Katherine Head

What can 45 minutes a week actually do for a child? You'd be surprised. I was.

As a lunch buddy I asked myself that question repeatedly as I began my volunteer work last year. Other questions followed—questions like, "Is this making a difference?" "Does she like me?" "Am I getting through?" "Does she know why I am doing this and why a stranger would care?" "Am I asking her the right questions?" As the academic year drew to a close, however, all the answers were clear. Just 45 minutes of mentoring during a child's lunch hour can be instrumental to the young person, and so very rewarding to an adult.

My lunch buddy was a tenacious tomboy. Quiet at first, she grew to trust me with some of her secrets, her quick and gruff hugs and her reflections on life as a 12-year-old. I listened intently, provided an occasional word of wisdom, befriended her BFFs (best friends forever), praised her accomplishments in school and relived the awkwardness of my own adolescence. We'd play wall ball or basketball at recess. Sometimes we'd just sit and chat.
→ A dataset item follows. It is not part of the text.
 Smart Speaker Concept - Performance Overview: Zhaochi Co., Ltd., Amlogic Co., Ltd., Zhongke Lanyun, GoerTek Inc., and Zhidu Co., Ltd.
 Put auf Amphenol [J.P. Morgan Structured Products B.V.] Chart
We'd then grab our meals and sit down at one of the long tables in the cafeteria. "Are you her mom?" I got asked that quite a few times. After the initial shock (I would have been just 18 at her birth if I were her parent), I replied, "Nope, I'm her Lunch Buddy." By the end of the spring, it seemed like I had inherited a brood of buddies. I liked leading my gaggle of girls. I felt a little like a mother duck. They'd tell me about crushes and other girls who were mean to them, after-school plans and long-term dreams. They were my clique, and I was fiercely protective.

When the last week of school rolled around, I was sad that my standing Thursday lunch date would be predisposed with summer vacation. I walked her to her after-lunch class, arm in arm. I know what challenges this world has in store for her, and I had developed a sense of longing to be there for her when they manifested.
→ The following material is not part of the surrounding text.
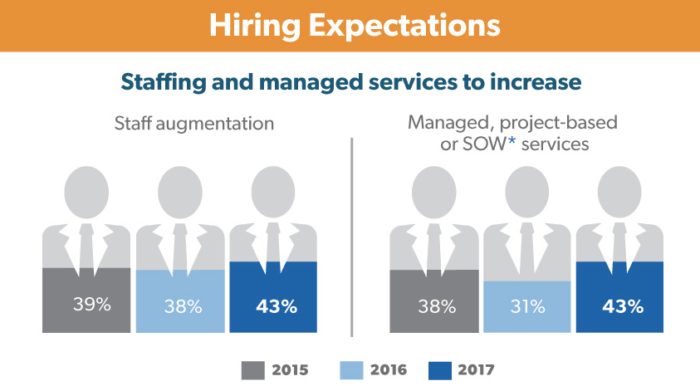 Outsourcing data 2017 forecast infographic jpg 850 2672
Hopefully, a little part of me will. I hope she will remember that you don't have to be like all the other kids to be successful. I hope that she recalls a chubby redhead who wore high heel boots and played basketball anyway, had tattoos, went to college, and was the editor of a newspaper when she feels defeated by society's expectations. I hope she knows that I think about her goofy escapades, her thoughtful silences and her unwillingness to conform to traditional standards of beauty when I feel wary about the plight of the world's female population. Her innocence reminded me that children should be allowed to remain thus for as long as possible, and adults should hearken back to youthful silliness whenever possible.

I encourage anyone with the will to better the life of a child to sign up for the Lunch Buddy program. You don’t need to be any particular type of person—just someone who cares about kids and wants to contribute through consistent, reliable care. It is such a small time commitment, but the difference it can make is huge.